**What you will do**
For each record below, retype the text exactly and omit any image.

Scraped caption text data:
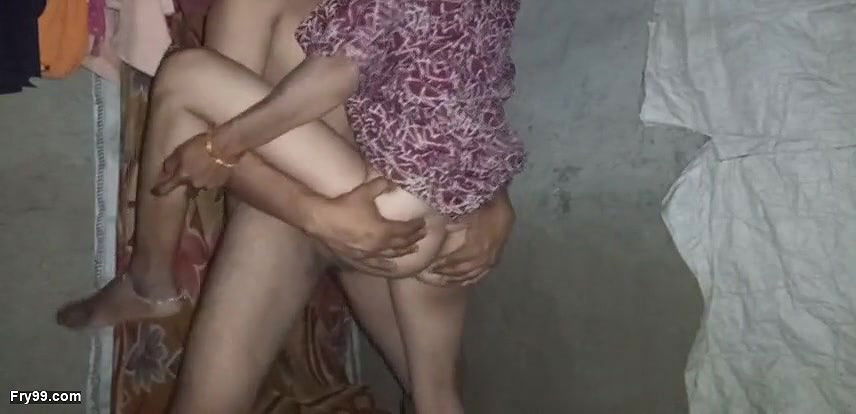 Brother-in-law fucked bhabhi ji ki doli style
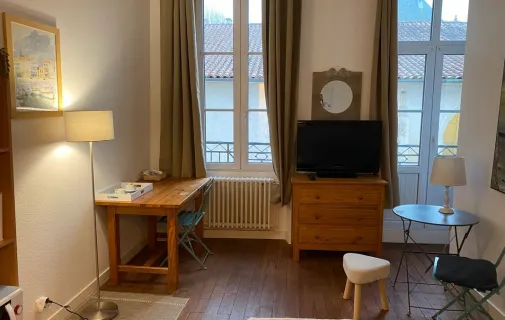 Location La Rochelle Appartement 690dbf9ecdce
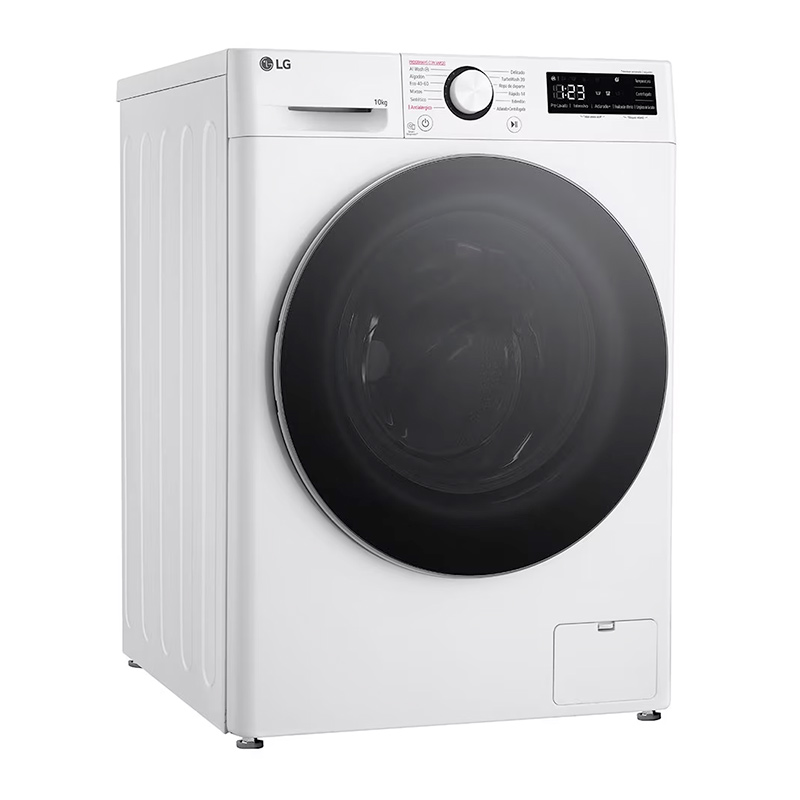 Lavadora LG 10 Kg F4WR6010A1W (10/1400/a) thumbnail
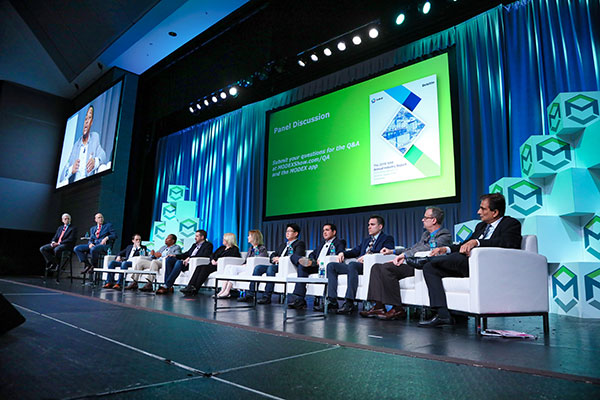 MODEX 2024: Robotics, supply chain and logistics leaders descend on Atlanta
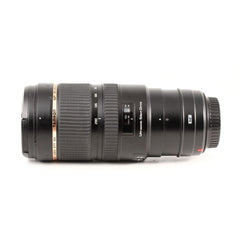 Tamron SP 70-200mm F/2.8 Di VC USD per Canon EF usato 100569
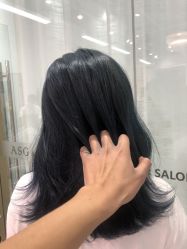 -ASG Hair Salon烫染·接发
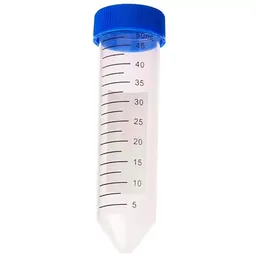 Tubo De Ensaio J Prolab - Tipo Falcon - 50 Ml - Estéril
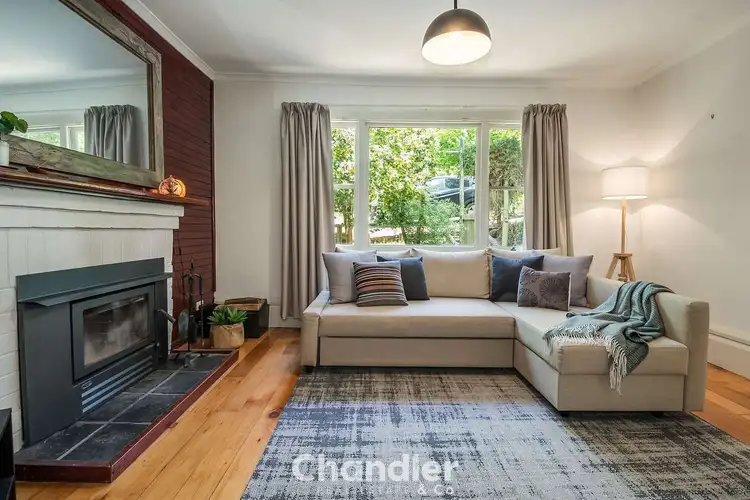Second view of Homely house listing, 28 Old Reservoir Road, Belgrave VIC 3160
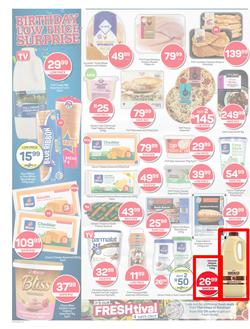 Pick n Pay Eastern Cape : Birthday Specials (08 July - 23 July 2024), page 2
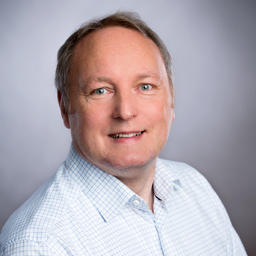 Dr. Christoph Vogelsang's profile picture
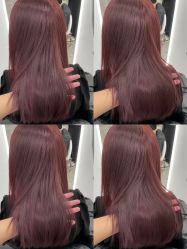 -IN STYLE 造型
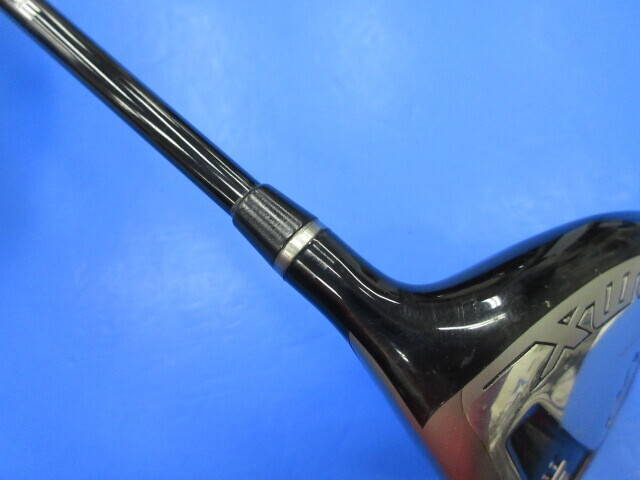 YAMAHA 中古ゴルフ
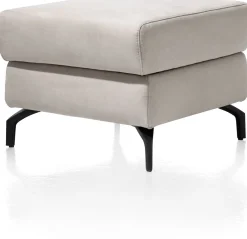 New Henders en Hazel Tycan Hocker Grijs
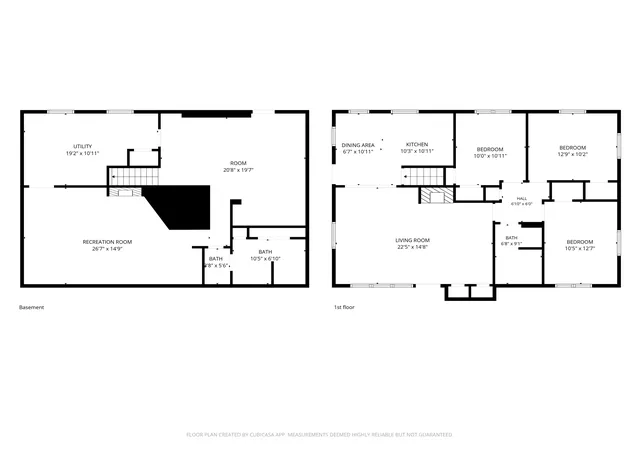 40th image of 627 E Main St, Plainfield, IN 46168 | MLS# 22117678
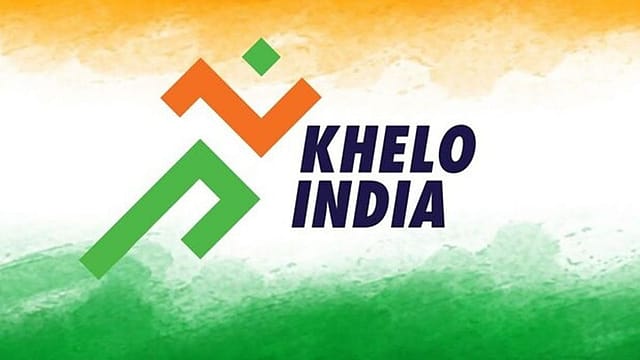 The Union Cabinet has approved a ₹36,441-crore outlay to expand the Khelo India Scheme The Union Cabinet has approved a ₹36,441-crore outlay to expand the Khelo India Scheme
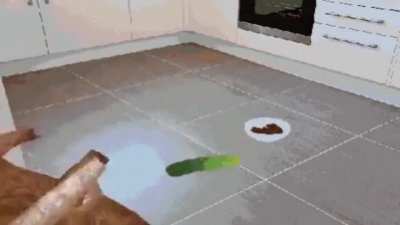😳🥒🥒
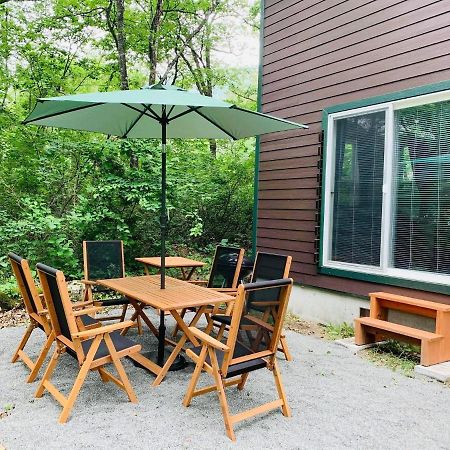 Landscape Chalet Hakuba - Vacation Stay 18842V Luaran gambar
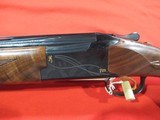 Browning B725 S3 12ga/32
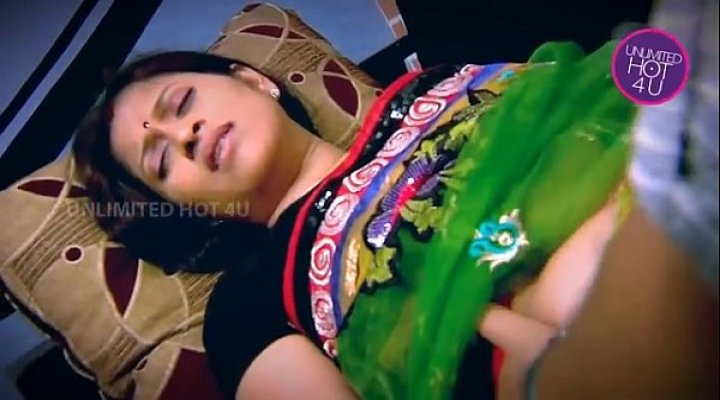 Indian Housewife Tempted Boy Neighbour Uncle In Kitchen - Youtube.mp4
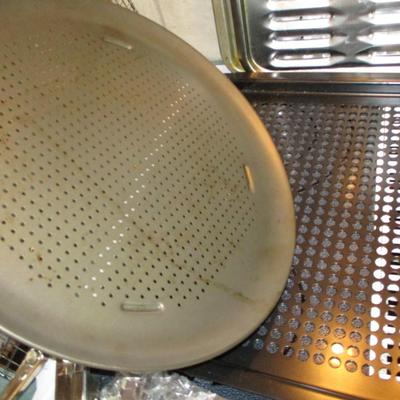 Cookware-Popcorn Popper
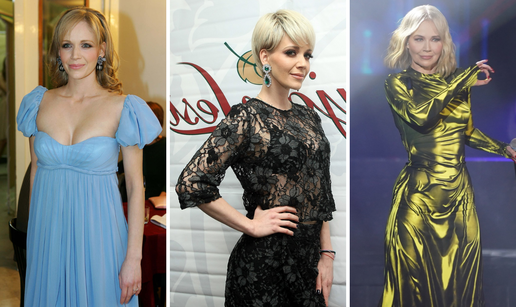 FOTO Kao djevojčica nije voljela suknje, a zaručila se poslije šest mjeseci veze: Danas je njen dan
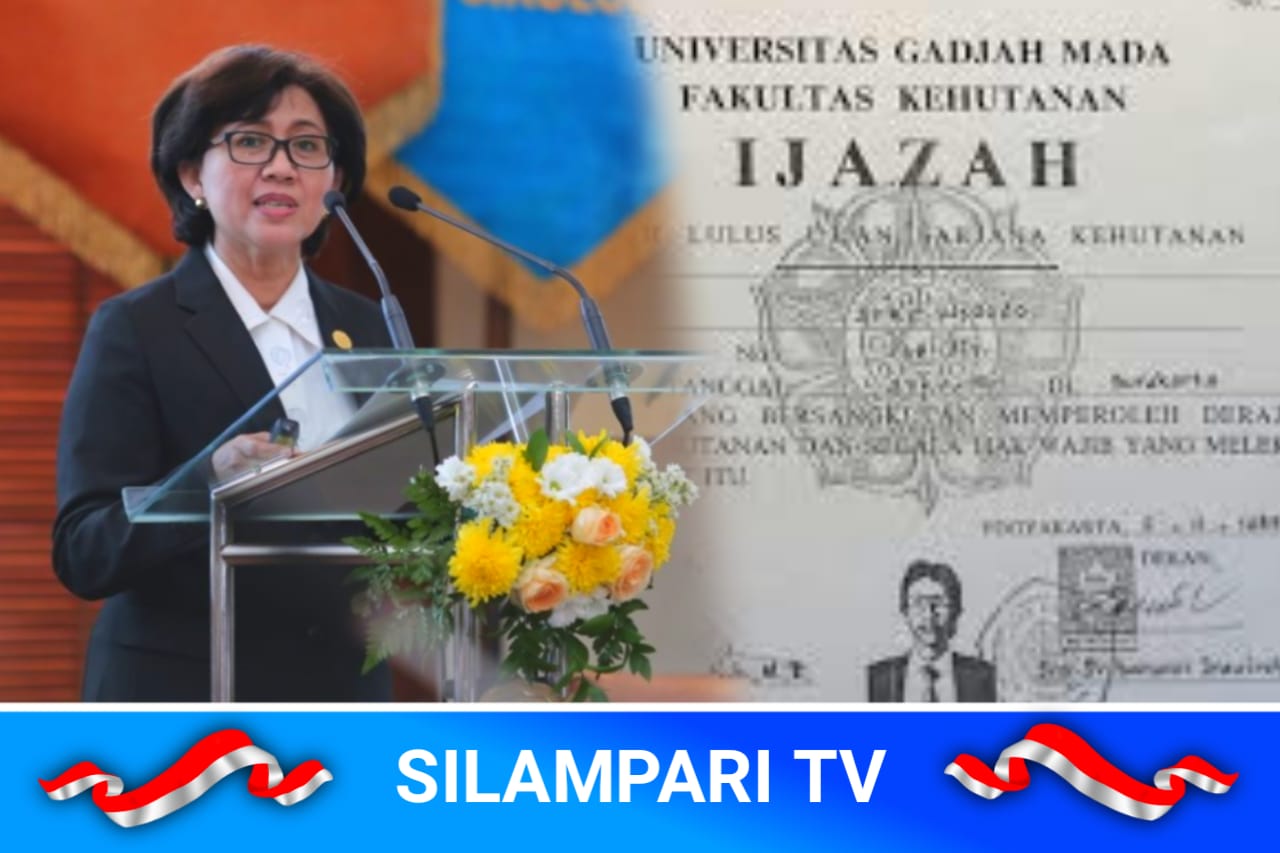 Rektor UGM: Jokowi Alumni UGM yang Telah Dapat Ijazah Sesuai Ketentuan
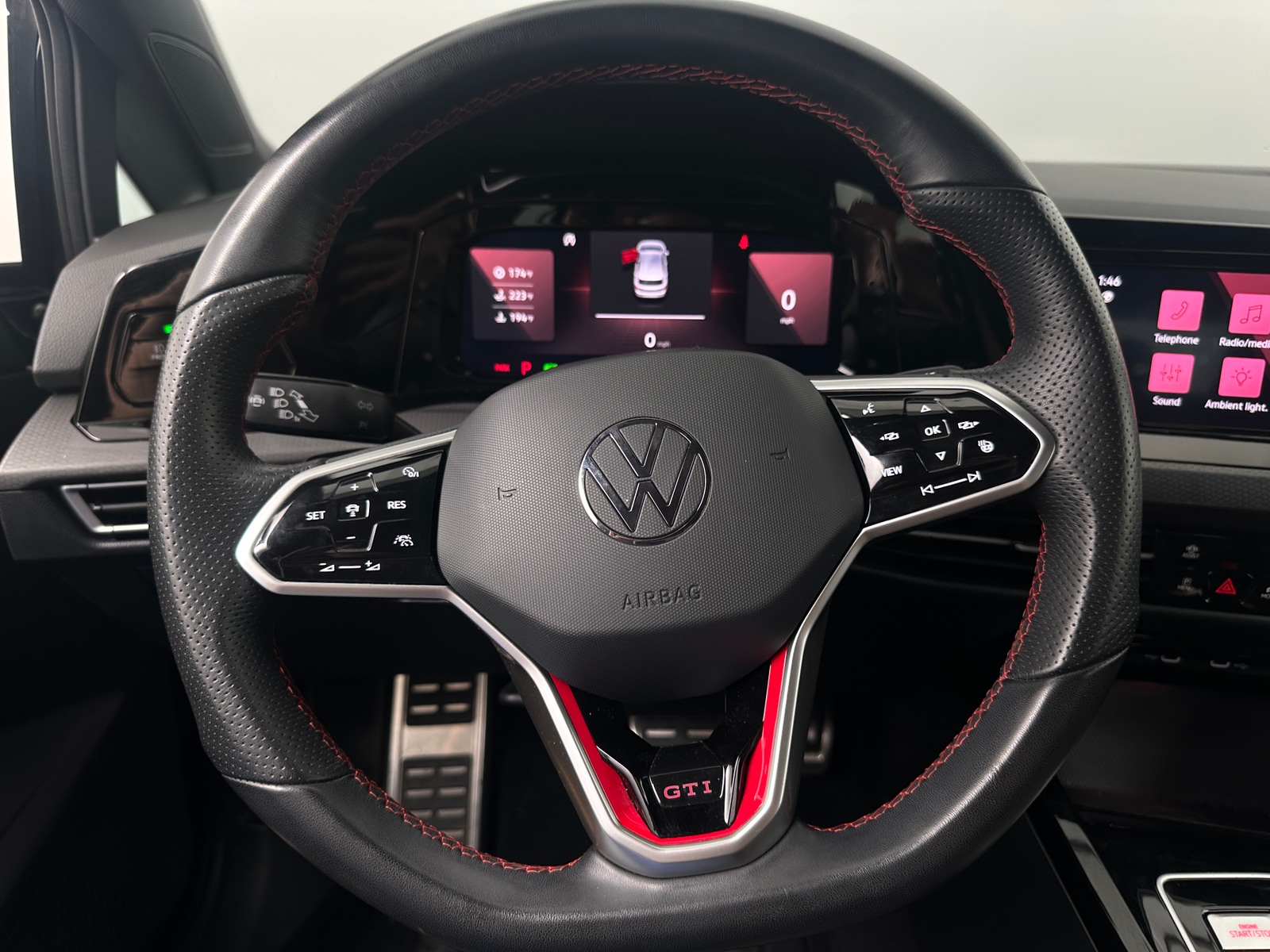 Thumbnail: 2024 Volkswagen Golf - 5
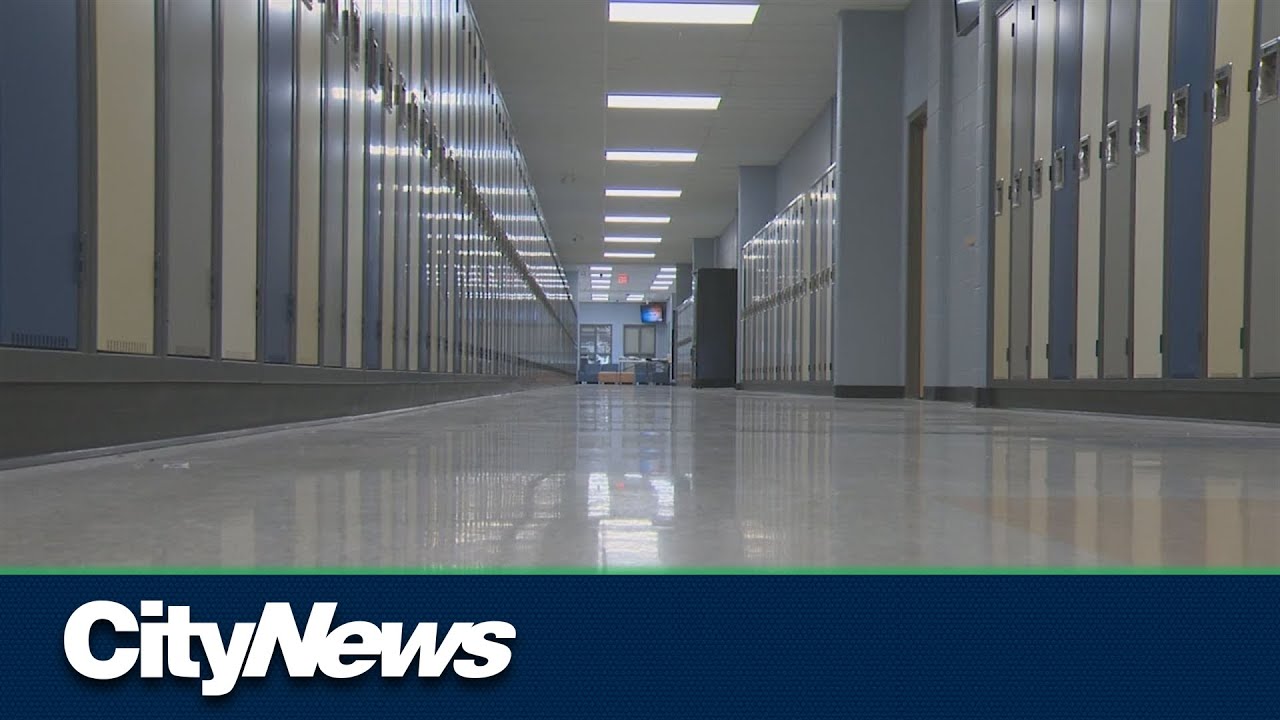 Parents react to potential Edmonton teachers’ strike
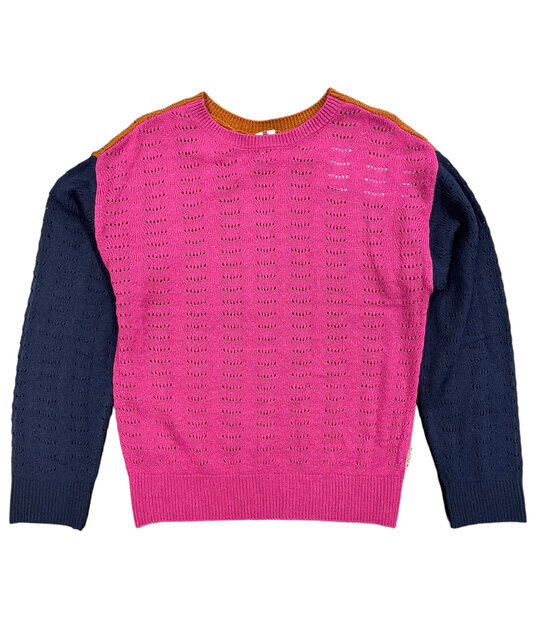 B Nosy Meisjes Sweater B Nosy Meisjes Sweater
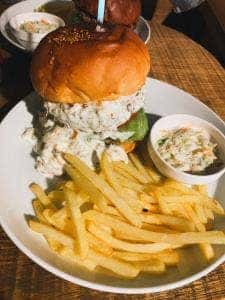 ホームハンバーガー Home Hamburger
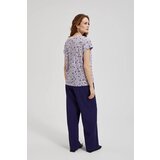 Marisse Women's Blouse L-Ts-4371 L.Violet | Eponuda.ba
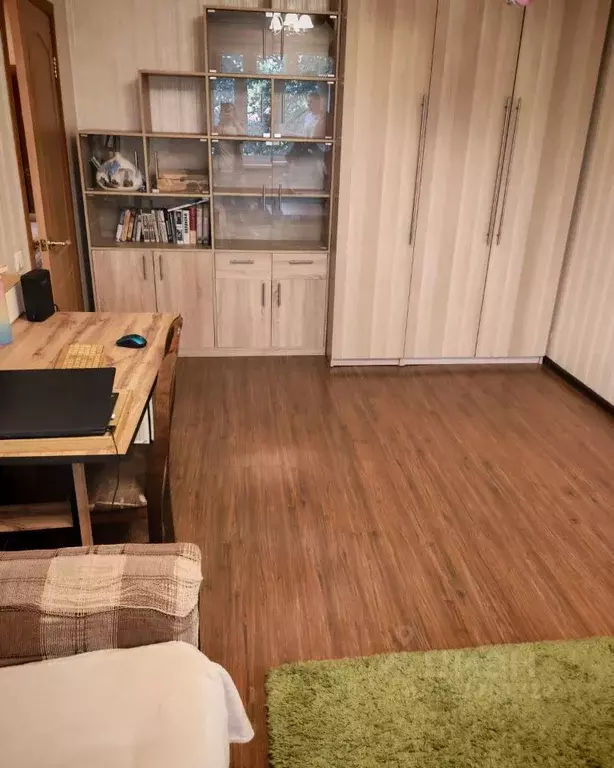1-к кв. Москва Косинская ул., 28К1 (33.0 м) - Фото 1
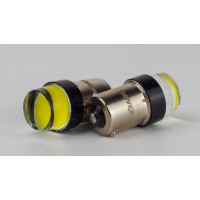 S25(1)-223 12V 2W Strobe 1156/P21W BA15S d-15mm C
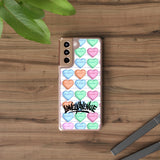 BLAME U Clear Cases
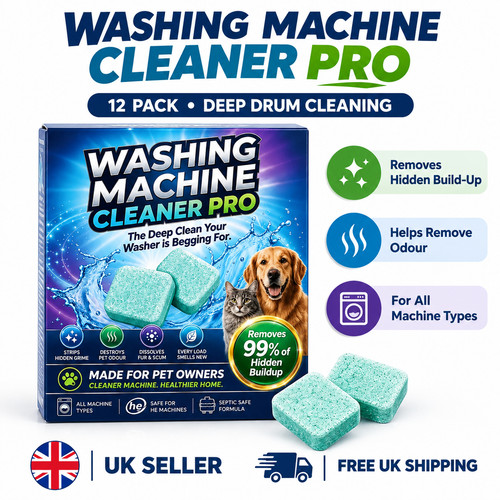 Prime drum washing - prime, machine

**Task output**
 Brother-in-law fucked bhabhi ji ki doli style
 Location La Rochelle Appartement 690dbf9ecdce
 Lavadora LG 10 Kg F4WR6010A1W (10/1400/a) thumbnail
 MODEX 2024: Robotics, supply chain and logistics leaders descend on Atlanta
 Tamron SP 70-200mm F/2.8 Di VC USD per Canon EF usato 100569
 -ASG Hair Salon烫染·接发
 Tubo De Ensaio J Prolab - Tipo Falcon - 50 Ml - Estéril
Second view of Homely house listing, 28 Old Reservoir Road, Belgrave VIC 3160
 Pick n Pay Eastern Cape : Birthday Specials (08 July - 23 July 2024), page 2
 Dr. Christoph Vogelsang's profile picture
 -IN STYLE 造型
 YAMAHA 中古ゴルフ
 New Henders en Hazel Tycan Hocker Grijs
 40th image of 627 E Main St, Plainfield, IN 46168 | MLS# 22117678
 The Union Cabinet has approved a ₹36,441-crore outlay to expand the Khelo India Scheme The Union Cabinet has approved a ₹36,441-crore outlay to expand the Khelo India Scheme
😳🥒🥒
 Landscape Chalet Hakuba - Vacation Stay 18842V Luaran gambar
 Browning B725 S3 12ga/32
 Indian Housewife Tempted Boy Neighbour Uncle In Kitchen - Youtube.mp4
 Cookware-Popcorn Popper
 FOTO Kao djevojčica nije voljela suknje, a zaručila se poslije šest mjeseci veze: Danas je njen dan
 Rektor UGM: Jokowi Alumni UGM yang Telah Dapat Ijazah Sesuai Ketentuan
 Thumbnail: 2024 Volkswagen Golf - 5
 Parents react to potential Edmonton teachers’ strike
 B Nosy Meisjes Sweater B Nosy Meisjes Sweater
 ホームハンバーガー Home Hamburger
 Marisse Women's Blouse L-Ts-4371 L.Violet | Eponuda.ba
1-к кв. Москва Косинская ул., 28К1 (33.0 м) - Фото 1
 S25(1)-223 12V 2W Strobe 1156/P21W BA15S d-15mm C
 BLAME U Clear Cases
 Prime drum washing - prime, machine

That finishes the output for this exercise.